Indicado para o TSE na cota da Ordem dos Advogados do Brasil (OAB) em 2004, o mineiro Caputo Bastos acabou tomando uma decisão que a esquerda torce há mais de 30 anos. Curió não é apenas um símbolo dos chamados anos de chumbo. Depois de comandar as operações de extermínio aos guerrilheiros do PC do B, esse coronel do Exército, hoje na reserva, construiu no Sul do Pará um império econômico, um sólido feudo político para os padrões amazônicos e até hoje exerce forte influência na região em que a guerrilha foi travada - uma área com cerca de 7 mil quilômetros quadrados, na margem esquerda do Rio Araguaia, entre o Sul do Pará e o que é atualmente o Norte de Tocantins.
Último de farda
Curió é o último militar com participação ativa nos combates que ainda exerce função pública.

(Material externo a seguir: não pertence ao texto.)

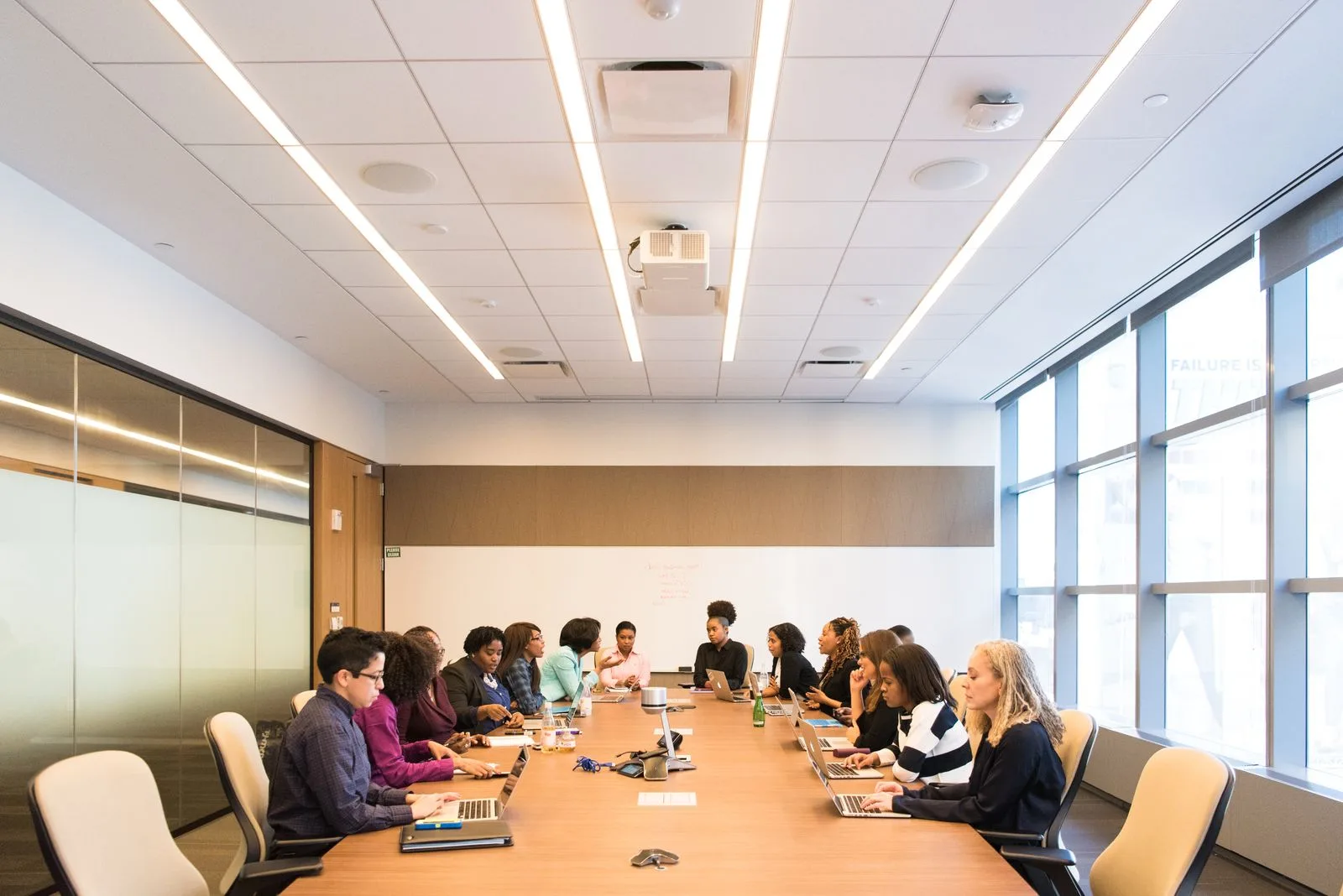 Large boardroom meeting with a long table of professionals seated with laptops in front of tall windows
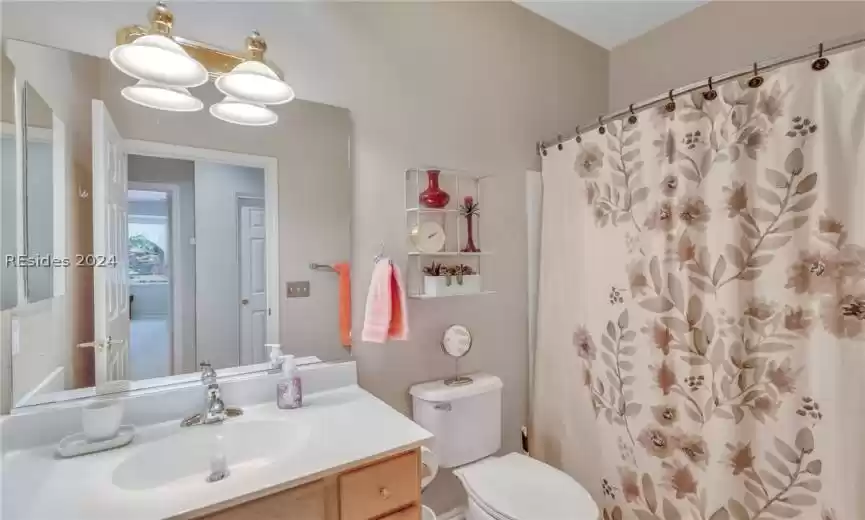 Guest bathroom located in the hallway for convenience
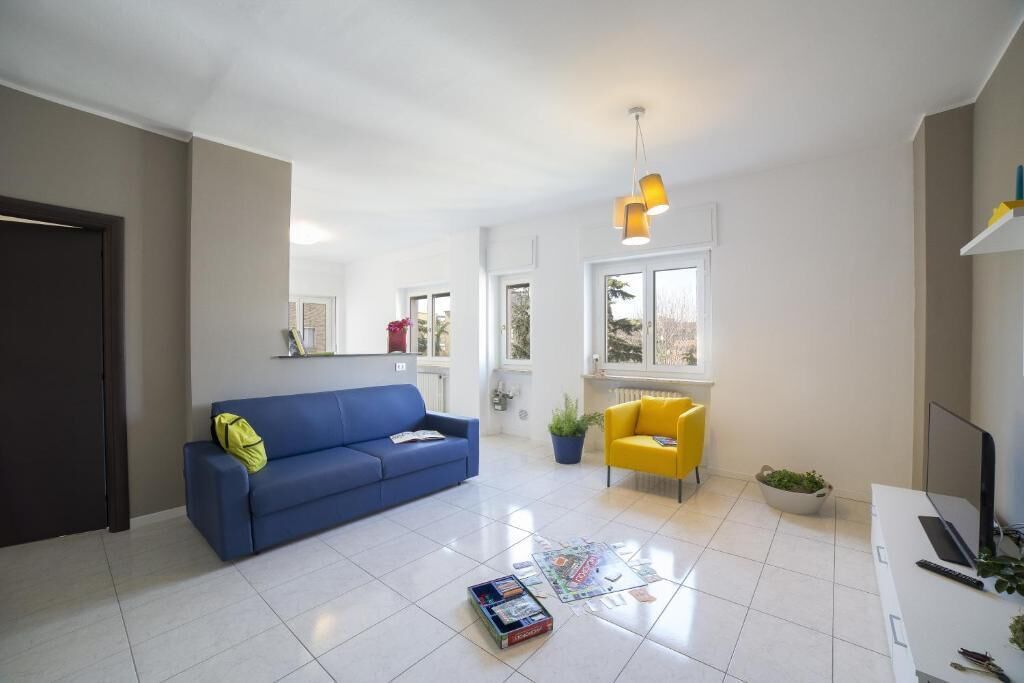 Un salon avec un canapé bleu, un fauteuil jaune, un bureau blanc avec un ordinateur portable et un luminaire suspendu.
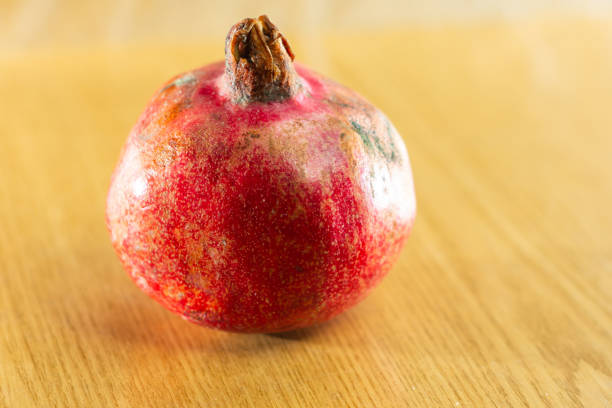 istock Red ripe pomegranate one and brown background. 1201808517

Com a fama de quem exterminou a guerrilha, começou a consolidar sua influência no início da década de 1980, quando o general João Baptista Figueiredo - o último presidente da era militar - o nomeou interventor do Garimpo de Serra Pelada, em Eldorado dos Carajás, que ele administraria com mãos de ferro e regime de caserna. Apoiado pela população do garimpo, que chegou a ter mais de 80 mil homens em 1982, Curió foi eleito deputado federal, mandato que exerceu de 1983 a 1987, rivalizando com o exguerrilheiro no Araguaia, José Genoíno Neto. Os dois levaram a Guerrilha do Arguaia para o plenário da Câmara numa época em que o regime militar, ainda no poder, se recusava a admitir a existência do conflito. A guerrilha só veio à tona duas décadas depois com a abertura de um arquivo pessoal do exchefe do Comando Militar do Planalto, general Antônio Bandeira e a revelação de oficiais que participaram dos combates divulgadas por várias publicações.
Curió nunca falou o que sabe sobre o conflito. Mas sabe muito.
- Essa é uma outra história - disse ele, admitindo apenas que prepara um livro de memórias sobre o período.
A esquerda o acusa pela barbárie perpetrada no Araguaia: tortura, execuções sumárias de prisioneiros e o sumiço dos 58 militantes do PCdoB que desapareceram na região depois da Operação Sucuri, em 1973, a maior ação de infiltração num movimento subversivo já deflagrada no país, organizada pelo próprio Curió e que resultou no mapeamento da estrutura do movimento e identificação de toda a estrutura da guerrilha. Em entrevista publicada pela revista IstoÉ, há duas semanas, o prefeito admitiu que os restos mortais de parte do grupo aniquilado estariam enterrados em Palestina do Pará, cidade que era apenas um povoado no período do conflito. Levantamento feito por ex-soldados que trabalharam para o próprio Curió, com informações fornecidas por guias recrutados pelo Exército, apontam outros dez locais onde os guerrilheiros estariam sepultados.